Most of the dominant solutions in the Big Data space today rely upon concepts like Map/Reduce. They're designed for commodity hardware, and the only way to fit massive data volumes onto commodity hardware is to chop it up into pieces, share the pieces out across lots of machines, and then work out how to glue the results back together at the end. That's exactly what tools like Hadoop do, and they're actually pretty good at it. Typically, the problems being addressed are what Parthasarathi terms 'needle in a haystack problems;' you know what you're looking for (the needle) and you just keep searching until you find it.
YarcData (and Cray) address a very different type of problem. Rather than facilitating search, they're interested in supporting discovery across complex graphs of data. Despite the huge size of Facebook (over 100Petabytes in just one of the company's dozens of Hadoop clusters, for example), it's not that significant a technical challenge to search through Facebook to find named people you know, or to pull back the profiles for all of your friends. It's far harder, Parthasarathi suggests, to tackle a graph problem with the same data. Imagine, for example, that you want to assemble a football team from amongst your Facebook friends. You need to select the set of Facebook users that are your friends, and then select a subset of those on the basis of various criteria such as location, age, or even interest in football. Graph problems become even more complex when the graph must be chopped up and spread across different machines. So YarcData's answer is to avoid lots of cheap commodity boxes, and to deliver a single computer powerful enough to hold the graph you're working with in memory. Oracle, IBM and others, of course, have had similar epiphanies. But they're not putting SPARQL at the top of the heap, and YarcData have.

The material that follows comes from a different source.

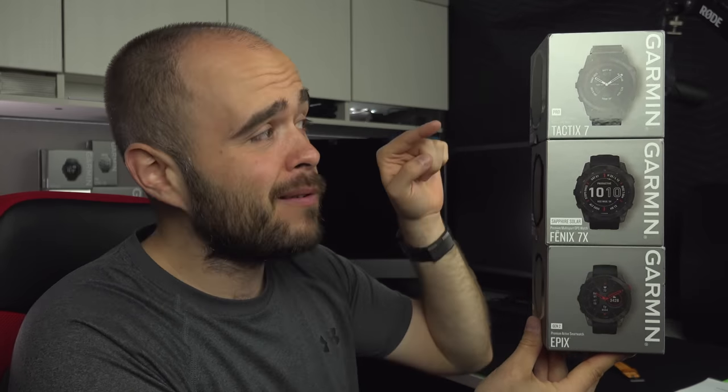It was about time! Today it's time for the full review of the Garmin Fenix series, which includes the Tactics and the Epix. Let's do this!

SPARQL, Parthasarathi enthuses, offers an industry-standard way to query graph data. Paired with high performance hardware (YarcData's, of course), he sees a winning combination. SysAdmins installing one of YarcData's appliances simply see a standard SuSE Linux box. Graph data-aware developers see a standard SPARQL endpoint. YarcData's customers see insight, particularly in amongst the "forbidden problems" that Parthasarathi suggests they've never had the means to explore before. And YarcData watches the business roll in.
The problem, of course, with a proposition that's at its most compelling when tackling problems customers haven't addressed before is that awareness of the need is pretty low. YarcData doesn't address a serious pain point. YarcData doesn't make an existing process run faster, or cheaper, or more reliably. YarcData lets customers do things they've probably given up wanting to do, and that's a problem.
Hence the competition. A challenge in which entrants are competing for a share of $100,000 and the chance to run their task on one of YarcData's machines. The $70,000 first prize is certainly good for its winner, but YarcData will be hoping that prospective customers see the potential for similar insight inside their own organisations.
Most of the 'obvious' use cases for complex graphs are trite or contrived. YarcData is counting on the prize money to spark the interest of people with an ability to think creatively. Forget that this is a "forbidden problem" that can't be solved. With a powerful graph database, maybe a whole class of forbidden problems stop being forbidden, and we just need to find new questions to ask.
YarcData's appliance would be expensive to buy outright, but it's actually delivered through a subscription which makes the investment somewhat more manageable. Even with some amazing competition entries to galvanise interest, though, YarcData faces an uphill struggle to persuade cash-strapped IT departments to deploy this alongside all of their existing data management and business intelligence solutions. The company may need to find a way to let an awful lot more people experience the real prize from their competition; the chance to run a job on a YarcData machine, and to see what it can do.